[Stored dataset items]
------------------------------------------------------------------------
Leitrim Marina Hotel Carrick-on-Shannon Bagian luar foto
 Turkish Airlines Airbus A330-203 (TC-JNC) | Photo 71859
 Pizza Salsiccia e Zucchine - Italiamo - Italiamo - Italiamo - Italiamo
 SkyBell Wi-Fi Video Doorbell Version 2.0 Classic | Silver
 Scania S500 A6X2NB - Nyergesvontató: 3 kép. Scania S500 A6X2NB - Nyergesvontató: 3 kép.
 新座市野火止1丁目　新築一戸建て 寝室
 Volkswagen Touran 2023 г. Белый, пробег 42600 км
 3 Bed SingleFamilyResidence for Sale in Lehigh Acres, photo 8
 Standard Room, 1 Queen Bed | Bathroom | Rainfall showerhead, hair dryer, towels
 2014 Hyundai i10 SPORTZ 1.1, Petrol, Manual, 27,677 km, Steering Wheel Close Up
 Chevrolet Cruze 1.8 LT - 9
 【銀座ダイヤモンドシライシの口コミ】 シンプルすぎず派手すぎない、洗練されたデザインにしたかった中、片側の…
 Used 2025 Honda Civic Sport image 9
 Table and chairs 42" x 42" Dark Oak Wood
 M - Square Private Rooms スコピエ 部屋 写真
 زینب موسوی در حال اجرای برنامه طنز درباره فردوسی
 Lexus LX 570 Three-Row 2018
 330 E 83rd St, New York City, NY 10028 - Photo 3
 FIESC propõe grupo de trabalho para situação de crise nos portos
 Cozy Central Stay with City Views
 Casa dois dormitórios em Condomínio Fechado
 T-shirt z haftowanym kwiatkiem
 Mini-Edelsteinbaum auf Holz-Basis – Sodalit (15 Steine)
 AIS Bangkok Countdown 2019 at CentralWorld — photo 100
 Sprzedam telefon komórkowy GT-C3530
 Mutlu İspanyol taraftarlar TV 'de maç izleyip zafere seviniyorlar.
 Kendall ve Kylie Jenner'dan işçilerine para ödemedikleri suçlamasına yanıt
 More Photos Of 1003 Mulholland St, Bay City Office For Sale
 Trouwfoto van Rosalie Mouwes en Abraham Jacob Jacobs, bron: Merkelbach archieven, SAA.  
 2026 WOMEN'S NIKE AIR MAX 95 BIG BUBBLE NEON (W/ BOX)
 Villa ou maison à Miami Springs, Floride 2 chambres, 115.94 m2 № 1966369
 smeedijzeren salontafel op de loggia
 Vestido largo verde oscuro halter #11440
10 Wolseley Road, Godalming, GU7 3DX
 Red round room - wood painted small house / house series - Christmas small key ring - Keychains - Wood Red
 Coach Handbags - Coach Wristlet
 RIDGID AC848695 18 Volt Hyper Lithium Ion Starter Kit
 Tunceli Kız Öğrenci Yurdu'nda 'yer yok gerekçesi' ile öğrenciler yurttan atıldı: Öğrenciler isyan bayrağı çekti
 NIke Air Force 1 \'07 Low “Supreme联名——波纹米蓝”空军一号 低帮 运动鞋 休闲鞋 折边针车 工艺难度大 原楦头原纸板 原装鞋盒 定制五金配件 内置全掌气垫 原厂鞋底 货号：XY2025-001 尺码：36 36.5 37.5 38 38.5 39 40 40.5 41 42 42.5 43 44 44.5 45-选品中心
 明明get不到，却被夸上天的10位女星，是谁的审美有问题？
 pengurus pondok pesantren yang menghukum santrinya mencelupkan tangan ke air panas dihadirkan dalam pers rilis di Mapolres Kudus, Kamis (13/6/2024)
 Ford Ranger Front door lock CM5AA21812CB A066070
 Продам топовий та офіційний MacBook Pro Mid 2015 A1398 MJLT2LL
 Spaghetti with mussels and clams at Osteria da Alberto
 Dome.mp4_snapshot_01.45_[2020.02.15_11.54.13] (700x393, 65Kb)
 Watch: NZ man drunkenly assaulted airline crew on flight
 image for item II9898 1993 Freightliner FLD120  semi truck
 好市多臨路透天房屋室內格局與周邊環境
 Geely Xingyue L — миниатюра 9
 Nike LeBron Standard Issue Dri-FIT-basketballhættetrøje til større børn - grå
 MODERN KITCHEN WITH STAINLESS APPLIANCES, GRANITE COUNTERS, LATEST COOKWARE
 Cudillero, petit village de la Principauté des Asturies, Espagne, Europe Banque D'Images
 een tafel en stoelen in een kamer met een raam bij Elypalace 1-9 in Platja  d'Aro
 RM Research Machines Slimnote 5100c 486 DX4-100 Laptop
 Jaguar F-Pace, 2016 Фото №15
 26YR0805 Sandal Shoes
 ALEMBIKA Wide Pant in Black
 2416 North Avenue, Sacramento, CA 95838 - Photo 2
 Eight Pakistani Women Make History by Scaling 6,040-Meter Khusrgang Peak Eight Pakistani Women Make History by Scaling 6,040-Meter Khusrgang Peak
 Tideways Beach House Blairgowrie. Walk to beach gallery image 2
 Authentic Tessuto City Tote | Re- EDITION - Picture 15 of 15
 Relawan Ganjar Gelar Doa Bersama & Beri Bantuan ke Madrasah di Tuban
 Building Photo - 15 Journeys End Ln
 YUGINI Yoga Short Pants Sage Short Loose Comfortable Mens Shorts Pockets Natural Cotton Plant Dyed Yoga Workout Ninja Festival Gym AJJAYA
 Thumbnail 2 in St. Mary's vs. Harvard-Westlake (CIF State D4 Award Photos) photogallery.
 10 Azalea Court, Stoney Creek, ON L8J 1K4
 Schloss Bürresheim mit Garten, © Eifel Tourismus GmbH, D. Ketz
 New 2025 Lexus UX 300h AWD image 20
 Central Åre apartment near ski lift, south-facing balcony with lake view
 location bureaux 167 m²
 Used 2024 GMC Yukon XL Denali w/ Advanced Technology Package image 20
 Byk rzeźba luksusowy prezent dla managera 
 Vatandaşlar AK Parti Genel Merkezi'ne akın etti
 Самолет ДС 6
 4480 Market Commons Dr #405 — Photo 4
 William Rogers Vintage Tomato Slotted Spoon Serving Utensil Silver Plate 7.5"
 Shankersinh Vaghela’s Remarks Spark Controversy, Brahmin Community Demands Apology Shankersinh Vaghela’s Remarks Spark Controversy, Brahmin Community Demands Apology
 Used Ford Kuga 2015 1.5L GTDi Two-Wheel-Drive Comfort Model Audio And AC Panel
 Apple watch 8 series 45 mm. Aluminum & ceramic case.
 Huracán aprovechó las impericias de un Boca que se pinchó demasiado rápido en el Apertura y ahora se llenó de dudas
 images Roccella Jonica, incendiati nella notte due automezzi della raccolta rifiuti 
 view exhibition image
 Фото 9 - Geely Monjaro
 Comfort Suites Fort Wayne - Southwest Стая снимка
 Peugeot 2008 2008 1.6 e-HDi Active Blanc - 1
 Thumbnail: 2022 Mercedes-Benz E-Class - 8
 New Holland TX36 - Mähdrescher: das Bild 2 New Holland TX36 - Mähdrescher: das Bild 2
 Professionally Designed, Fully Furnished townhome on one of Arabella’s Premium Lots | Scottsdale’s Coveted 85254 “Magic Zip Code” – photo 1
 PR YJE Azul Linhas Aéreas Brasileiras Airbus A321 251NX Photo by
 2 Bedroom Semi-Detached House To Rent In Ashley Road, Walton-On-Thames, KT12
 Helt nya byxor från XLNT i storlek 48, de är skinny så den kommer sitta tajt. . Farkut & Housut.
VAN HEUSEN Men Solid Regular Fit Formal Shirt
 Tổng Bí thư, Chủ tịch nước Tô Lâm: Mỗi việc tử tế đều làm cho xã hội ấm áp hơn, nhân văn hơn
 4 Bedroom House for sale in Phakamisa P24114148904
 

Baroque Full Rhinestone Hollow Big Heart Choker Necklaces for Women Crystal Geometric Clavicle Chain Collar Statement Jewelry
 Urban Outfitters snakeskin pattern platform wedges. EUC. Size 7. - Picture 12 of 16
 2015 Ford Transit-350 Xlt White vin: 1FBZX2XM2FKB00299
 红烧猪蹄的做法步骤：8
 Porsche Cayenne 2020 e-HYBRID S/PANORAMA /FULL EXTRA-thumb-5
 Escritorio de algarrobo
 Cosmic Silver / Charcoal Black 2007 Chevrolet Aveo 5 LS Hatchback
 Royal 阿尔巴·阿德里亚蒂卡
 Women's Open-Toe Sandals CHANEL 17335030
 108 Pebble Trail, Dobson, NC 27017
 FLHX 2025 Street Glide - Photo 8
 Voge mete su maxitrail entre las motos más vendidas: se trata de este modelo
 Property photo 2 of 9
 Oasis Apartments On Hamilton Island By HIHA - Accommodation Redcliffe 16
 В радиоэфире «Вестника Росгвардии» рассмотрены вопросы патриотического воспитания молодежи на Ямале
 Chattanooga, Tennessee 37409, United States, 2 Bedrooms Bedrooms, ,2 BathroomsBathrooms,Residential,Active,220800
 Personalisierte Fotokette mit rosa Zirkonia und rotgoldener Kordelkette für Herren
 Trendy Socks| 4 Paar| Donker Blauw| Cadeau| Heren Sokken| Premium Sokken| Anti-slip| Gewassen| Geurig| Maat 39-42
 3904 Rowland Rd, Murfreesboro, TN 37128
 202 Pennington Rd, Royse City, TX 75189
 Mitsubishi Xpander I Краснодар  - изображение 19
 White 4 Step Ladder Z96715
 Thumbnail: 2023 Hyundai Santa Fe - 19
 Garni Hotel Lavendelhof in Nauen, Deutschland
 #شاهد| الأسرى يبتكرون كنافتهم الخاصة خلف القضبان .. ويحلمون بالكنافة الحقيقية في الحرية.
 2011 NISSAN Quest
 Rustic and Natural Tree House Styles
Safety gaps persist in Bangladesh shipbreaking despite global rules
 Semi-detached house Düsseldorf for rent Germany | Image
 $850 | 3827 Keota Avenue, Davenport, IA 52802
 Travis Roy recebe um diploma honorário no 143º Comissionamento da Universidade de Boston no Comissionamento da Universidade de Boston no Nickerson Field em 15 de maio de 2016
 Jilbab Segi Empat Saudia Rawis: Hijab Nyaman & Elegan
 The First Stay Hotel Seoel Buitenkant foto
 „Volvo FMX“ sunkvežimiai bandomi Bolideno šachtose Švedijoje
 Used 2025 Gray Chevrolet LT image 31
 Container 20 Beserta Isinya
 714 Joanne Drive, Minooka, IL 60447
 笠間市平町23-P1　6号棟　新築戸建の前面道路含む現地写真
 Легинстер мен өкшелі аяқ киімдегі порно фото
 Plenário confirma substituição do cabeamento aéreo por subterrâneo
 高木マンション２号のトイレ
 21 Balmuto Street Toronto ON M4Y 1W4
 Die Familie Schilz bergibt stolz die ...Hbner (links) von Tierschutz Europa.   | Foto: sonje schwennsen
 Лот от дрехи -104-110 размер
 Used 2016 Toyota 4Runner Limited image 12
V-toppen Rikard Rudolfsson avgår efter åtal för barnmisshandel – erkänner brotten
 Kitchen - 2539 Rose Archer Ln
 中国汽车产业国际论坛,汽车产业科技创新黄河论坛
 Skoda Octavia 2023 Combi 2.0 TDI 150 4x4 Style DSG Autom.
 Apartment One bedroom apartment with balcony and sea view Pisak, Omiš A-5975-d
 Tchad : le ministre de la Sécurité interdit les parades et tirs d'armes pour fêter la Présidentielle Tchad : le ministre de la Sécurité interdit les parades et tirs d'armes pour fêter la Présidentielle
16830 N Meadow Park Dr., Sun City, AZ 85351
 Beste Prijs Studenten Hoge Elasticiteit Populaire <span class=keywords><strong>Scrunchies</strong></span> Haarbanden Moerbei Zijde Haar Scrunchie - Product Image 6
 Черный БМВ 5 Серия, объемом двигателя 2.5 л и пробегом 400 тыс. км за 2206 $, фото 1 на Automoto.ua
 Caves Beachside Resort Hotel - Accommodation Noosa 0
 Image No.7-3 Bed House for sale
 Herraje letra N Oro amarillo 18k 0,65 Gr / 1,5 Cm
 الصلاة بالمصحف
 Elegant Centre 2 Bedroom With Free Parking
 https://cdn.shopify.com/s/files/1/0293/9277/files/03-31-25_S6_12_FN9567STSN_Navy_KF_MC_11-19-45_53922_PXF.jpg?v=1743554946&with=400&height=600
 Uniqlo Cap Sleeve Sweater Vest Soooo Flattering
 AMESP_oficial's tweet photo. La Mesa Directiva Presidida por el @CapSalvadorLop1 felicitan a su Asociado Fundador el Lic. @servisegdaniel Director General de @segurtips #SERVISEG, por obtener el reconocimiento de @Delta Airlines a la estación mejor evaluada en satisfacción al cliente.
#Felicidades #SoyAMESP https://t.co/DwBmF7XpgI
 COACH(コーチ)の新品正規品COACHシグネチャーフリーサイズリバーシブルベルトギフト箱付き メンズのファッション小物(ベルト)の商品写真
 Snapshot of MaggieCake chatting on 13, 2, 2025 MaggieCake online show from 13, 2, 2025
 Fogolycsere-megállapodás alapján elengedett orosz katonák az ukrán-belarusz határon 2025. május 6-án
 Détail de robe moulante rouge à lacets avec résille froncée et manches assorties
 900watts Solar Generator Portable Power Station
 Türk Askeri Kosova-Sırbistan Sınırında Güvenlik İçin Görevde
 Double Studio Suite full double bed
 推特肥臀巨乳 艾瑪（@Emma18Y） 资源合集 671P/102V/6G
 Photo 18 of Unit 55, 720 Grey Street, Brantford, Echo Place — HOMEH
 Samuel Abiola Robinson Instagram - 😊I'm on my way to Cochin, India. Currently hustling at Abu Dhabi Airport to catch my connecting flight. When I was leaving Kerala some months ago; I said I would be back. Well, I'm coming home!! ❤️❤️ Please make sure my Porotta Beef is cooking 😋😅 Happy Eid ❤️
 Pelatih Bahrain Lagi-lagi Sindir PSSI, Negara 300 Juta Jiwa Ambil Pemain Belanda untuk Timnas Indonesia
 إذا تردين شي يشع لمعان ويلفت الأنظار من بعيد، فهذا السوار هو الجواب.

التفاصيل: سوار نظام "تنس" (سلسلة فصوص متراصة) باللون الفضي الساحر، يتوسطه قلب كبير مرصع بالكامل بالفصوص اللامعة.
------------------------------------------------------------------------
| Task prompt |
An exact copy is needed of the closing lines of the entries above, counting from the one that contains "Double Studio Suite full double bed" and including it and the last.

| Output of the exercise |
 Double Studio Suite full double bed
 推特肥臀巨乳 艾瑪（@Emma18Y） 资源合集 671P/102V/6G
 Photo 18 of Unit 55, 720 Grey Street, Brantford, Echo Place — HOMEH
 Samuel Abiola Robinson Instagram - 😊I'm on my way to Cochin, India. Currently hustling at Abu Dhabi Airport to catch my connecting flight. When I was leaving Kerala some months ago; I said I would be back. Well, I'm coming home!! ❤️❤️ Please make sure my Porotta Beef is cooking 😋😅 Happy Eid ❤️
 Pelatih Bahrain Lagi-lagi Sindir PSSI, Negara 300 Juta Jiwa Ambil Pemain Belanda untuk Timnas Indonesia
 إذا تردين شي يشع لمعان ويلفت الأنظار من بعيد، فهذا السوار هو الجواب.

التفاصيل: سوار نظام "تنس" (سلسلة فصوص متراصة) باللون الفضي الساحر، يتوسطه قلب كبير مرصع بالكامل بالفصوص اللامعة.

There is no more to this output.